Il biglietto ha un costo davvero contenuto e devo dire che l’intero museo possiede dei notevoli cimeli.
All’ingresso è anche possibile confrontare la propria altezza con i grandi campioni che hanno vestito la canotta azzurra e hanno portato alto il tricolore della palla a spicchi.
Non mi reputo affatto un grandissimo esperto di basket, vero è che è davvero impossibile non farsi affascinare dalle storie di Carlton Myers, Marco Belinelli, Andrea Bargnani, Danilo Gallinari, Luigi Datome e, ultimo in ordine cronologico, Simone Fontecchio.

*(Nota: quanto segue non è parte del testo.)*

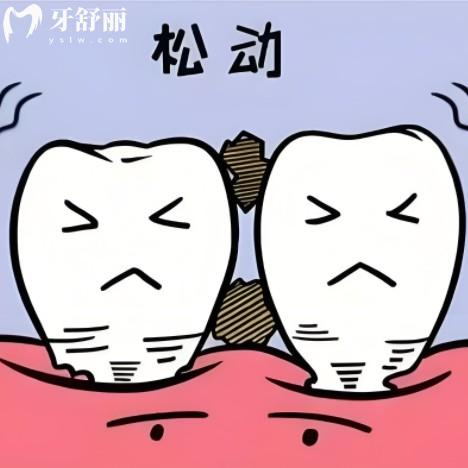 牙齿松动一度二度三度怎么自己区分？教你一眼看懂松牙等级！
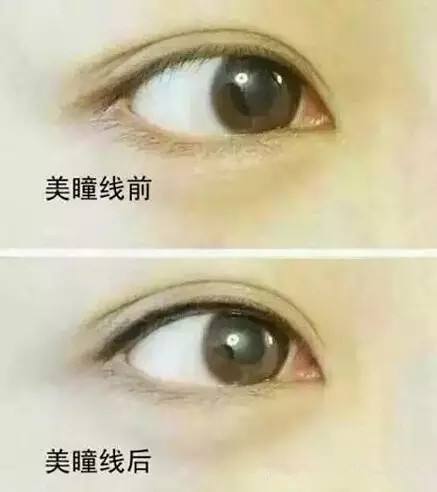 大部分人适合的美瞳,现在做美瞳的人多吗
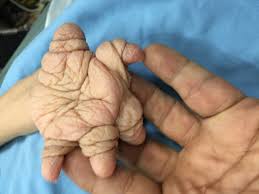 Pathogenesis is associated with a lack of catalysts involved in iron. Plummer Vinson Syndrome The Gastrointestinalatlas Gastrointestinalatlas Com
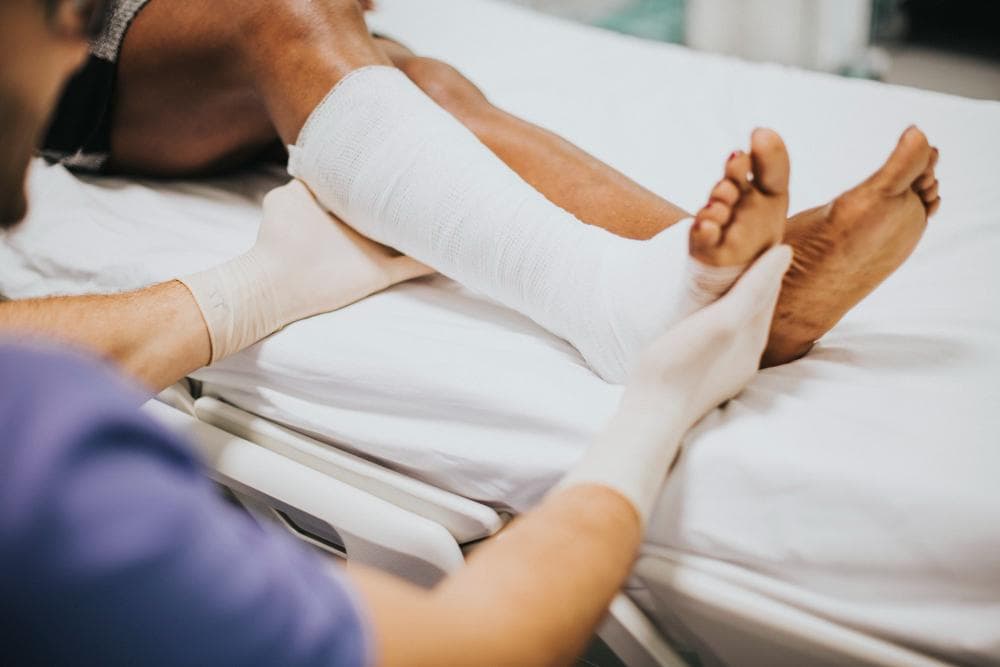 Do All Fractures Need Surgery?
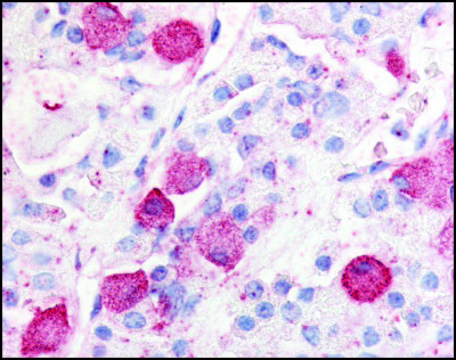 Anti-GPR10 (AB2) antibody produced in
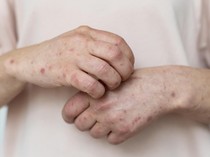 Apa Bedanya Campak dan Cacar? Ketahui Ciri dan Cara Mencegahnya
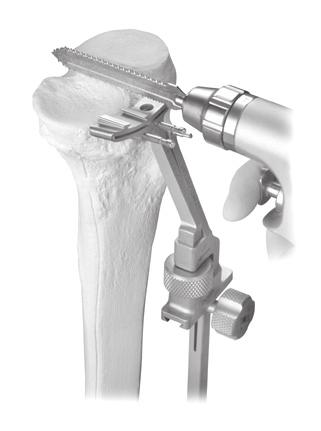 Intramedullary (IM) surgical procedure with spacer block option Seat the screw/pin that was inserted into the Tibial Resector Base.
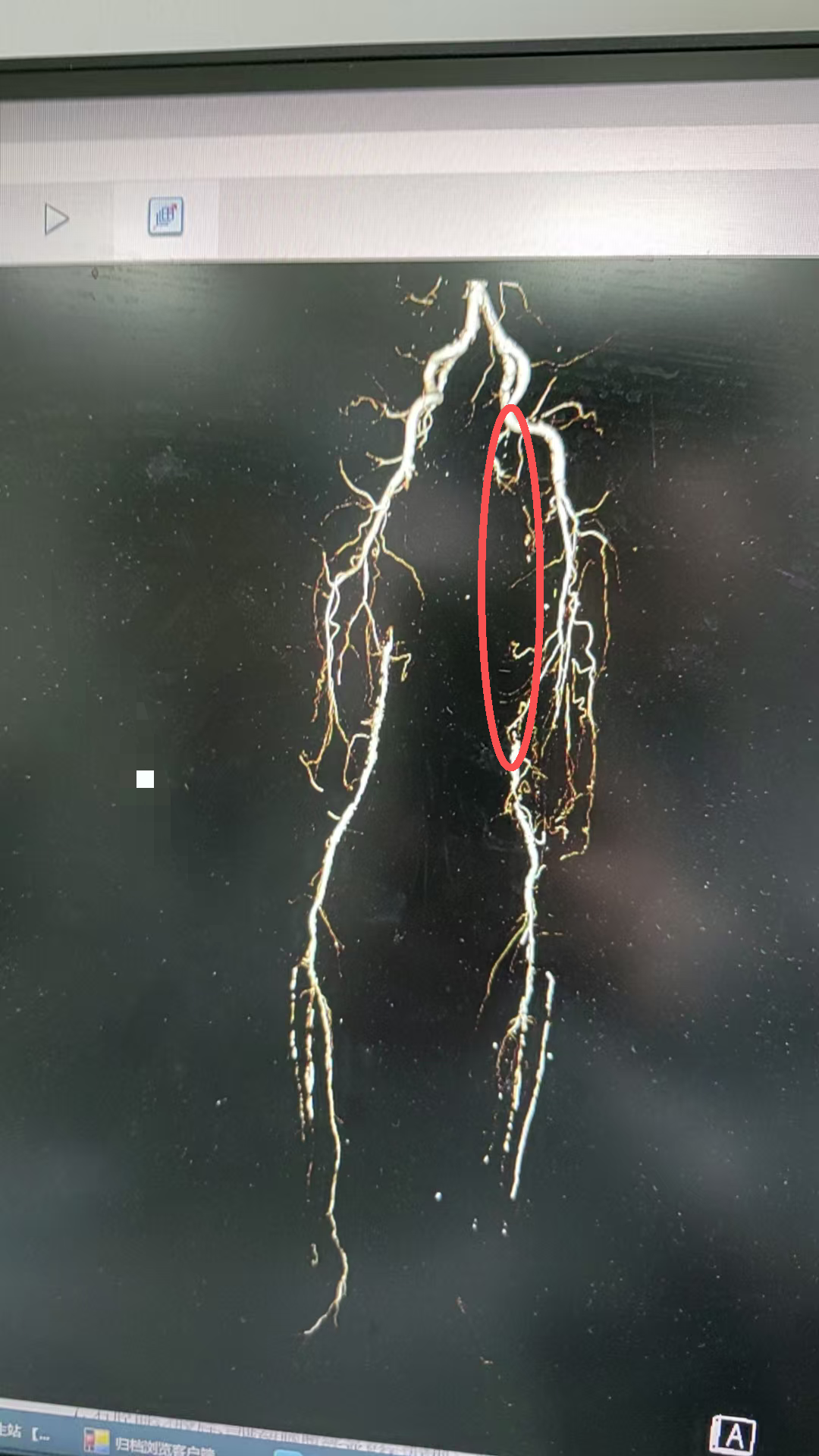 血栓堵塞动脉险酿大祸!血管外科“国家队”微创手术为患者成功保肢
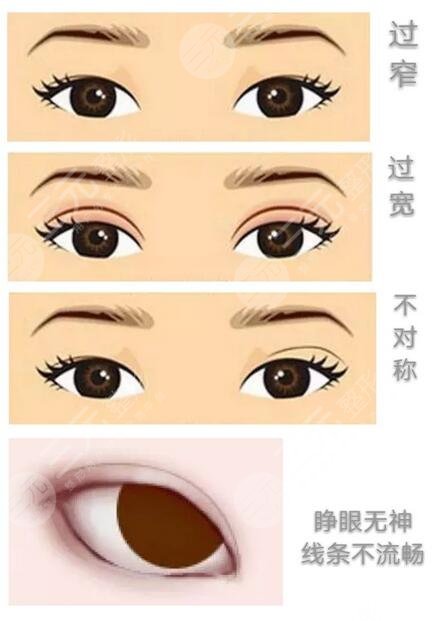 眼部整形案例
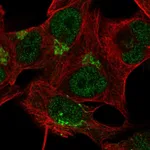 Atlas Antibodies Anti-TBC1D14 Antibody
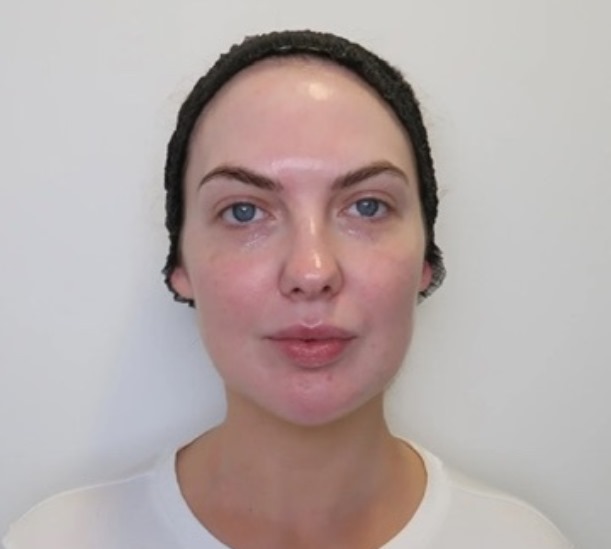 Before and after glass skin peel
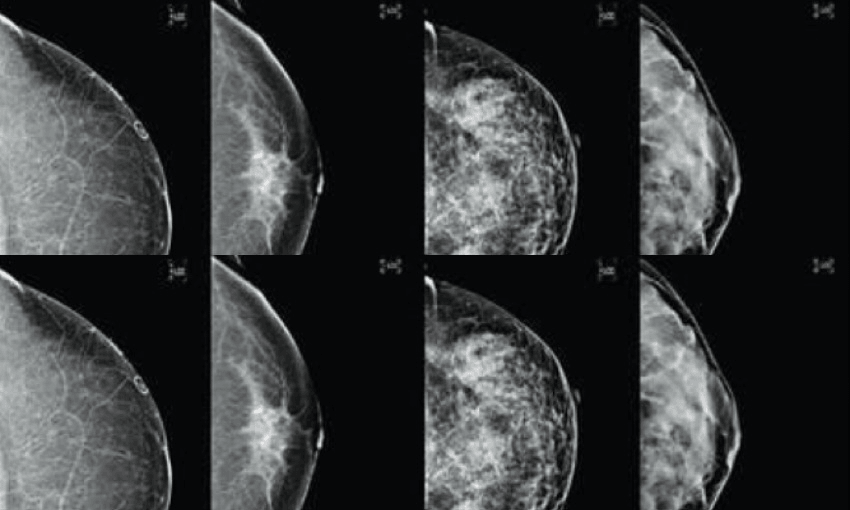 We need to talk about breast density and cancer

Grandissimi cestisti che hanno vinto tanto e sono stati orgoglio dell’Italia del Basket, esportando spesso il proprio talento anche in NBA!

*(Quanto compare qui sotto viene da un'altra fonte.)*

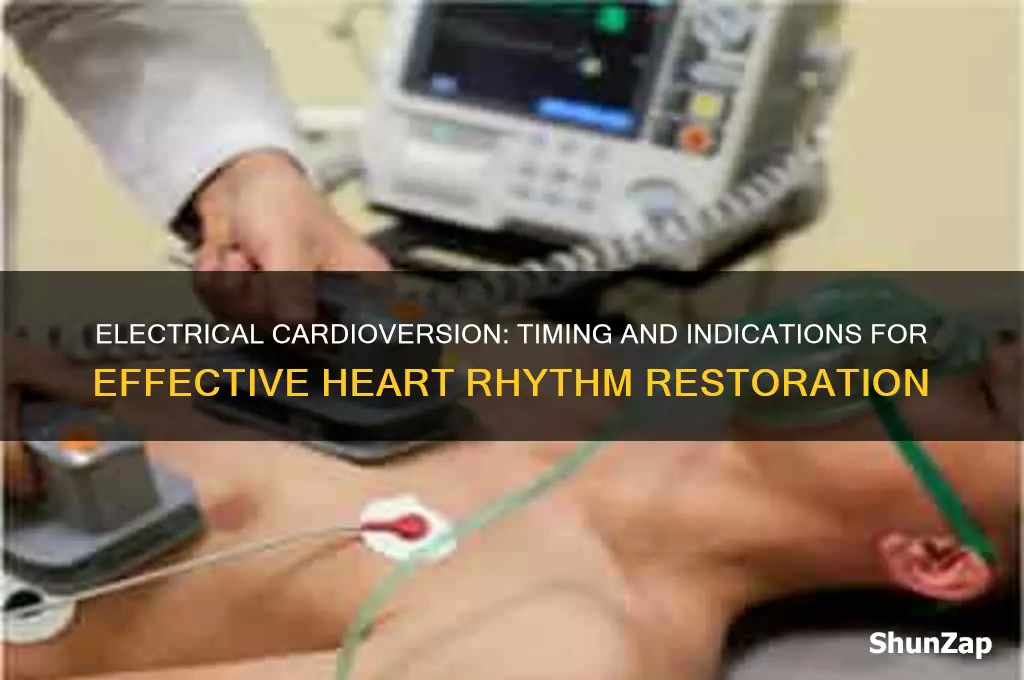 when to use electrical cardioversion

Palloni, canotte, tantissimi video e testimonianze audio, scarpe gigantesche e pure qualche coppa, questo e molto altro si può trovare proprio qui al Mubit: le grafiche sono eccezionali ed hanno uno stile inconfondibile, perfino gli specchi dei bagni sono fatti a pallone da basket, nessun dettaglio qui è lasciato al caso. C’è pure una zona interattiva nella quale viene insegnata la difesa nella pallacanestro.

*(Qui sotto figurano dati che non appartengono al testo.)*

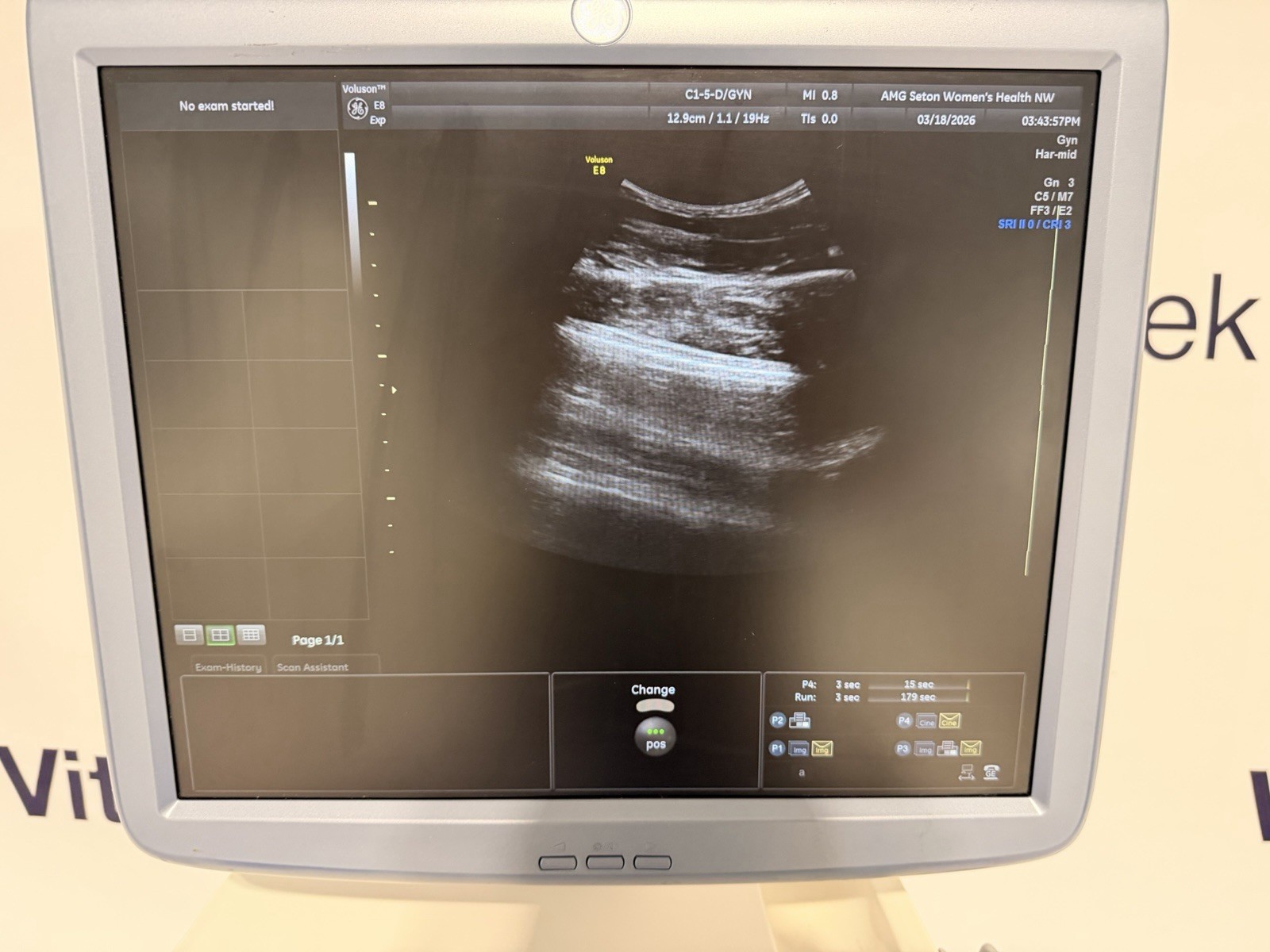 GE Voluson E8 Expert Ultrasound | 2 Probes | 4D HDlive | All Options | Warranty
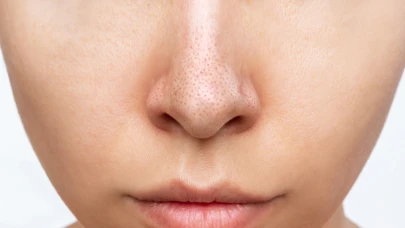 Cildinde siyah noktalardan şikayetçi olanlar için mucizevi çözüm bulundu! Bebek gibi pürüzsüz bir cilde kavuşmanın sırrı ortaya çıktı!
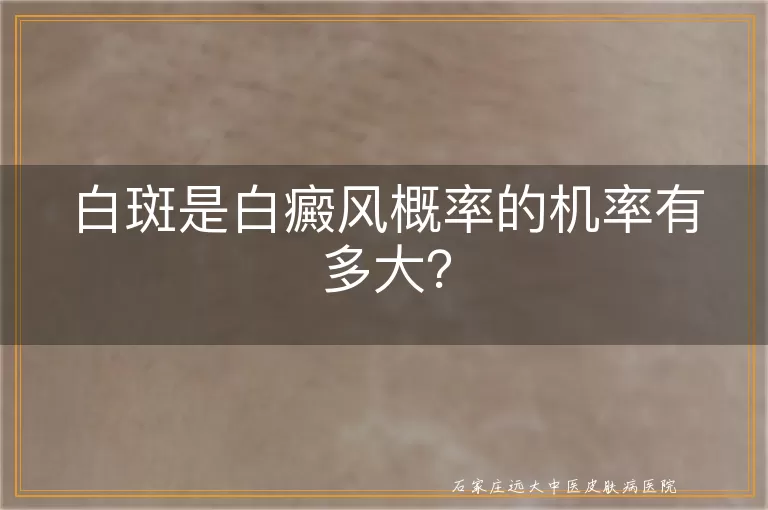 白斑是白癜风概率的机率有多大？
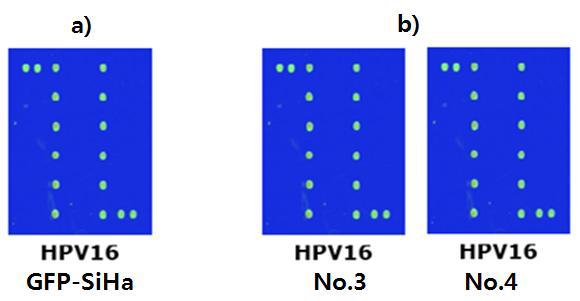 GFP-SiHa 세포와 orthotopic xenograft model에서 적출한 종괴의 HPV-typing 비교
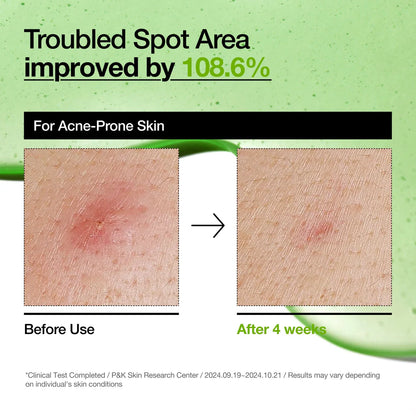 Sérum Anti-rojeces con Ácido Azelaico 10% y Ácido Hialurónico Anua Azelaic Acid 10 Hyaluron Redness Soothing Serum 30ml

Lo si può visitare anche in una mezz’ora ma vale assolutamente la pena investire del tempo per venire da queste parti a Bologna ed immergersi in questo mondo! All’uscita Chiara mi ha anche regalato un magnete con il logo del Mubit, decisamente un bellissimo ricordo di questo giretto.
Finito il nostro tour, siamo andati a mangiare una bella lasagna ed una buonissima cotoletta alla bolognese all’Osteria dell’Orsa, proprio in centro.